Library of Congress wins special Grammy Award
This combination of Associated Press file photos shows Steven Herman, left, head of the Library of Congress storage facility, at the Library of Congress in 2003, in Washington, and right, a "bookBot", an automated retrieval system at the James B. Hunt Jr. Library at North Carolina State University in 2013, in Raleigh, N.C. Many middle-class workers have lost jobs because powerful software and computerized machines are doing tasks that only humans could do before. (AP Photo)
WASHINGTON (AP) — The music industry honored the Library of Congress with a special Grammy Award on Wednesday night for its work over the past decade to preserve historic audio recordings, along with honors for Jennifer Hudson.
The Recording Academy presented its Grammys on the Hill Award to the library at an event in Washington, featuring appearances by producer Clive Davis, singer Yolanda Adams and others. The group honored Hudson with a Recording Artist Coalition Award for her charity work and saluted York Community High School near Chicago for its outstanding music program.
Hudson said being recognized for her charitable work stands apart from all her other awards.
"It makes it the most prestigious award to be acknowledged for trying to make a difference," she told The Associated Press. "It's OK to be a celebrity, but the things that matter are when you can change someone's life or help someone."
Librarian of Congress James Billington said he was delighted that the library's preservation work was being honored — but he never expected to win any kind of Grammy.

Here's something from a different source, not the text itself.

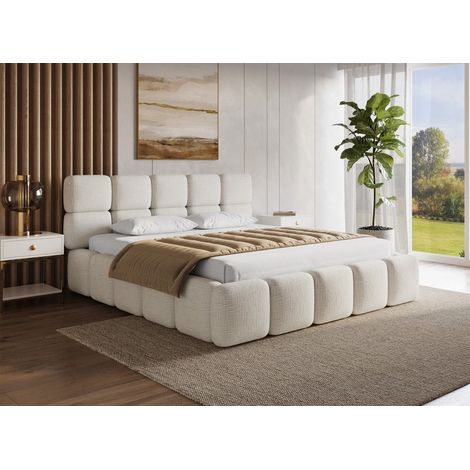 Lit coffre en velours chiné beige 180x200 cm BUBBLE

"I can't even carry a tune, so the thought that I'm being awarded a Grammy will amaze everyone who moves slightly away from me whenever I start singing," he told The Associated Press.
Billington said preservation of the nation's cultural heritage is one of the most neglected issues.
"We are kind of a throw-away society," he said. "We're tremendous at creating things in this country with our freedoms and our richness and variety of forms of cultural expression, but we seem to think things will last forever."
Songwriter Kara DioGuardi said the library's preservation work is critical.
"These are songs that are going to be played for generations to come," she said.
Recording Academy President Neil Portnow said hundreds of musicians will visit Capitol Hill on Thursday to urge lawmakers to protect copyrights for the creators of music and ensure they get paid for their work in the digital age.
California Republican Rep. Kevin McCarthy, the House majority whip, joined Democratic Rep. Steny Hoyer to show support Wednesday night. The guiding premise for intellectual property protections, Hoyer said, is "thou shalt not steal."
The Grammys on the Hill Awards are meant to connect the music industry with the world of policy and politics in Washington.
Daryl Friedman, the Recording Academy's chief lobbyist in Washington, said the library's National Recording Registry goes beyond its practical purpose of ensuring that recordings are preserved for generations to come.
"It raises the profile of great American recordings from all genres, even spoken word, great speeches, great music," he said.
The Grammy Foundation pushed for legislation in Congress more than 10 years ago to create the preservation program at the library. So far, 375 audio recordings have been preserved through the program for their historic, artistic or cultural significance. This year's inductees include Simon and Garfunkel's album "Sounds of Silence" and Chubby Checker's dance hit "The Twist."
The recordings are housed at the library's Packard Campus for Audio Visual Conservation built partially in a bunker in Culpeper, Va. The facility houses more than 6 million items, including about 3.5 million sound recordings.